Landamman of the League of the Ten Jurisdictions
- In office 1723

Personal details
- Born: 14 March 1672 Tirano
- Died: 24 July 1728 (aged 56) Davos
- Spouses: Verena von Janett; Ursula Prudentia Buol von Strassberg;
- Parent: Paul Jenatsch

= Johann Anton Jenatsch =

Swiss politician (1672–1728)

Johann Anton Jenatsch (14 March 1672 – 24 July 1728) was a Swiss politician, military officer, and landowner from Davos. The son of Paul Jenatsch and grandson of Jörg Jenatsch, he served as landamman of the League of the Ten Jurisdictions in 1723.

== Life ==

Jenatsch married first Verena von Janett of Fideris, daughter of Peter, landamman of the League of the Ten Jurisdictions, and then Ursula Prudentia Buol von Strassberg, daughter of Johann Anton Buol von Strassberg. He was a major landowner in Davos and served as captain in the Spanish service.
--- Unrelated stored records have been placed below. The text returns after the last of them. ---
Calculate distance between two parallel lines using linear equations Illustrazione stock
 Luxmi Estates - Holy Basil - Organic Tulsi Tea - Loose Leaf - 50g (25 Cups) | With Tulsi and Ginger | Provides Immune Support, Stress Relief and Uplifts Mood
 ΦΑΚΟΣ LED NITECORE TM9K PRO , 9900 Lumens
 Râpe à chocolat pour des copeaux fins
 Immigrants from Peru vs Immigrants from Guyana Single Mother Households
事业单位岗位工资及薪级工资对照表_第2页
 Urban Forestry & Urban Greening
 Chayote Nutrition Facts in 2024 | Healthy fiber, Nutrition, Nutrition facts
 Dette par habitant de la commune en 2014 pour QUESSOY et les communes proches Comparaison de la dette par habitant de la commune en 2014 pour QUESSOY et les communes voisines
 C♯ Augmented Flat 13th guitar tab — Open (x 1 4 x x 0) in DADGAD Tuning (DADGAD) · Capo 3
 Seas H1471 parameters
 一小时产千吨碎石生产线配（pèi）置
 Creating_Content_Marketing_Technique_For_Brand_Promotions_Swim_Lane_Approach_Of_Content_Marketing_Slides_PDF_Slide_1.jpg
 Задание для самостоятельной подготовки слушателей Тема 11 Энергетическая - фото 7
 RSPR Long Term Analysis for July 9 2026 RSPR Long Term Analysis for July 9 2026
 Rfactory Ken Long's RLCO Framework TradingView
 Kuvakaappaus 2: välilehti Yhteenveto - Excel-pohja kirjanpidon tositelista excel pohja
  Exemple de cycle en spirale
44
He held the offices of landamman of Davos, bailiff of Maienfeld (1701–1703), commissioner of Chiavenna (1719–1721), and landamman of the League of the Ten Jurisdictions (1723).

== Bibliography ==
- P. Walser, "Inschriften und Stiftungen der Familie Jenatsch auf Davos", in Bündner Jahrbuch, 18, 1976, pp. 87–88.